When you are first getting started in meditation, it may be hard to know if you are doing everything exactly the way it should be done. For many, this causes feelings of self doubt and frustration. If you aren’t doing it exactly the way it should be done, then surely you are at least in part failing at it, right? Wrong. Any technique someone describes to you will initially feel alien and difficult when you first try it out, so don’t worry if you aren’t sure how everything is supposed to go. In the beginning, all you need to do is focus on your breathing, and every time your mind wanders elsewhere (and it will), just bring it back. Over and over again. The rest will take care of itself.

A Tense Body Makes a Tense Mind

One of the most common obstacles to relaxing our minds in meditation is that our body may still be tense. Since the mind and the body are connected, a tense body will keep the mind from achieving an optimal state of relaxation.

Luckily, there’s a quick way to get your body relaxed before you start your meditation. After you sit down in the position in which you will meditate (but before starting the actual meditation), take a moment to make sure every part of your body is relaxed. Start by focusing on your head and neck. Move them around a little bit to make sure they are relaxed. Then move down to your back, chest and arms, and keep going until you finally relax your ankles and feet. The whole process shouldn’t take more than a minute.

Your Mind Will Wander, And It’s Ok

Many beginners get frustrated when they don’t seem to be able to focus on their breathing all that well. It makes them feel that every time their mind wanders, they are somehow failing at meditation and that makes them feel frustrated, dejected or angry.

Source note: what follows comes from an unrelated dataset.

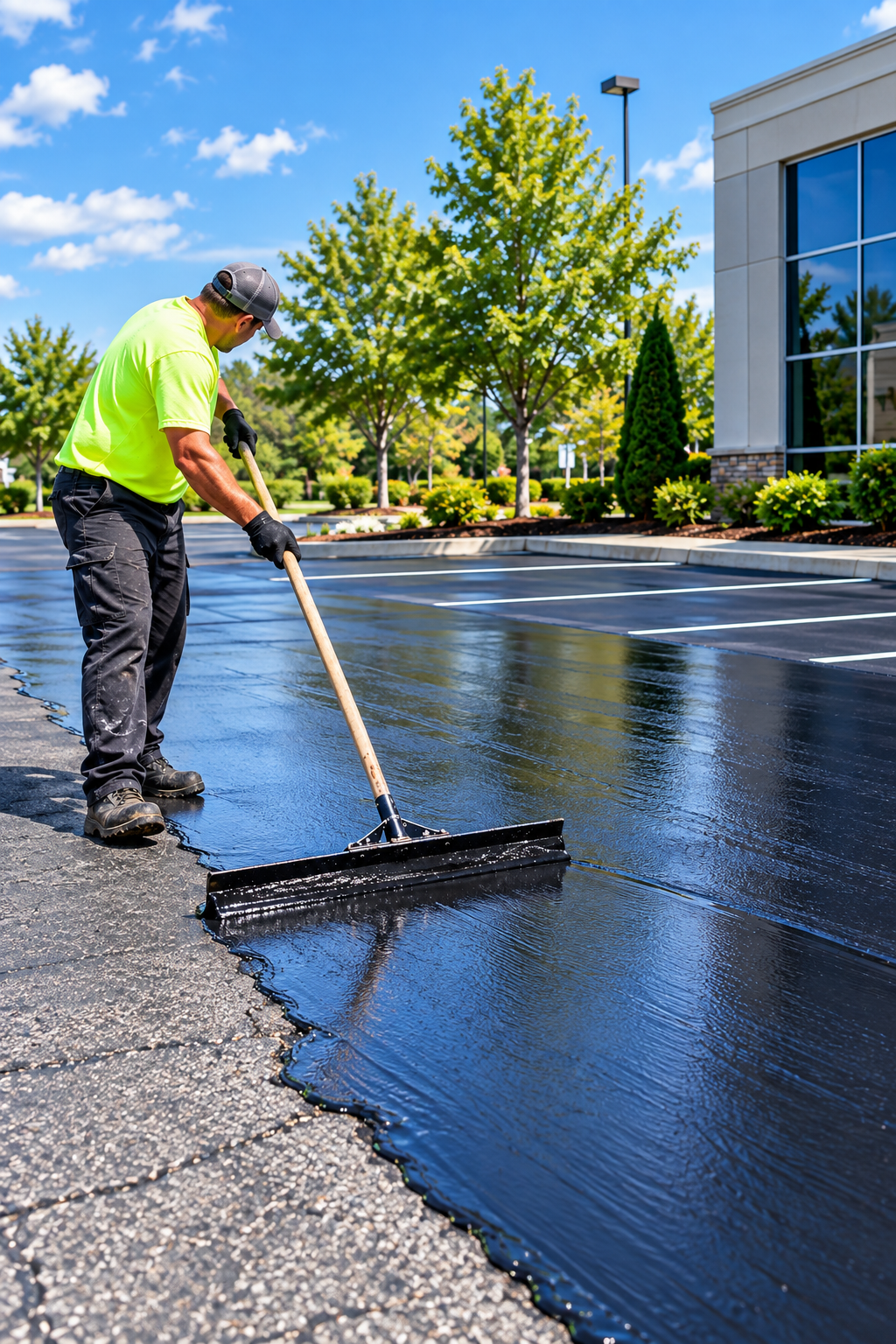Oklahoma City Pavement Maintenance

This way of thinking misses a very important point about meditation: it’s not about being able to focus perfectly; it’s about correcting the focus by returning back to the breathing every time the mind wanders elsewhere. This process of not allowing your mind to roam free and wild is your main concern.

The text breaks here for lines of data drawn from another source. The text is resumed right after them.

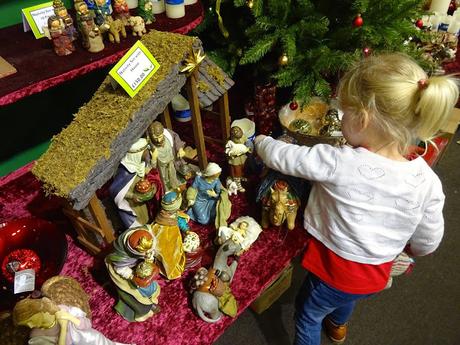 Blogmas day 7: Brimsmore garden centre at Christmas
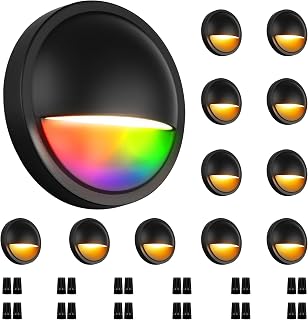 Outdoor RGB Fence Lights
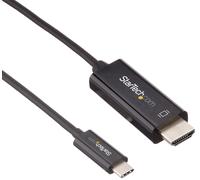 StarTech.com Cable de 1m USB C a HDMI - Cable Adaptador de Vídeo USB Tipo C a HD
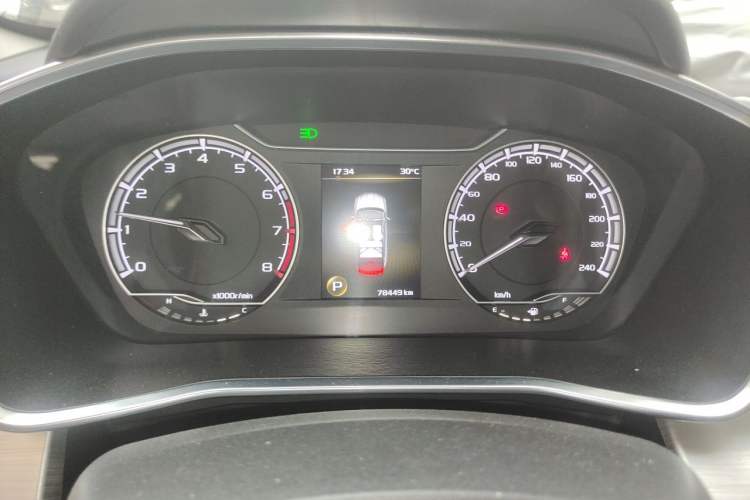 Used Geely Auto Coolray 2019 260T DCT Knight China VI Standard Instrument Cluster
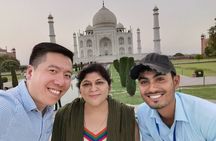 Taj Mahal And Agra Overnight Tour From Delhi By AC Car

It doesn’t matter if your mind wanders 5 times or 100 times during the 10 minutes. What matters is that you bring it back to your breathing each time. Over time, you’ll get better at it, and that means your focus as well as your ability to concentrate and control your mind are improving.

3. How to Make Meditation a Habit (And Not Just a One Week Fling)

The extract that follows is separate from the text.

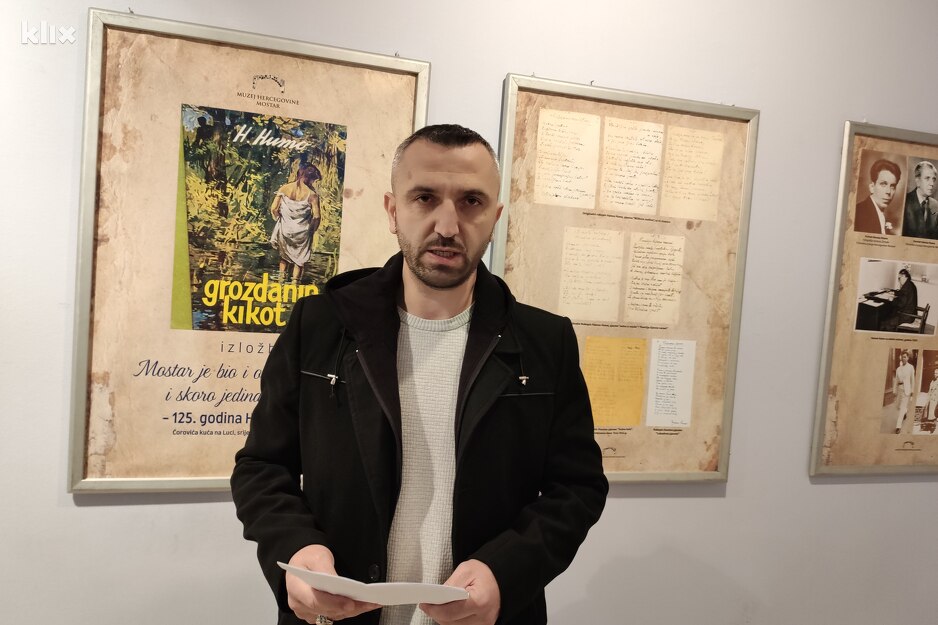 Ibrahim Dizdar (Foto: G. Š./Klix.ba)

Here’s the part that most meditation guides skip, and it’s why I failed the first half a dozen times I tried to start meditating: in order to get the meditation habit to stick, you need to find something pleasurable in it.

The ultimate pitfall for any beginning meditator is to focus on the time left on the clock. If you meditate with the objective of trying to survive meditation for 10 minutes (or whatever amount of time you’ve designated for yourself), I promise you will not have a very enjoyable experience. Your mind will be constantly impatient and anxious instead of relaxing in the moment, and when the 10 minutes is over, you’ll be tired and relieved rather than focused and relaxed.

The most effective way to make meditation an enjoyable experience is to start thinking about it in a way that makes it seem fun and enjoyable as opposed to just another thing you need to do every day.

To help you find something to look forward to in each meditation session, here are a few suggestions on how to approach them:

  • Think of meditation as a warm bath for the mind or a small vacation from the chaos of your thoughts. I often use this image when I notice myself being a bit too intense for the meditation and needing to relax a bit more.
  • Another popular way of thinking about meditation is to think of it as defragging your personal hard drive so that it will be able to think faster and more clearly throughout the day. After all, it’s true.
  • You can also think about the fact that the practice of meditation has been shown to strengthen the prefrontal cortex of your brain. Yes, that’s the prefrontal cortex that controls your impulses and will-power, thus making you almost instantly more resistant to bumps in your road.


I hope this guide is helpful in starting your new meditation habit and sticking to it. Let me know if you have any other tips that will make meditation easier and more fun in the beginning!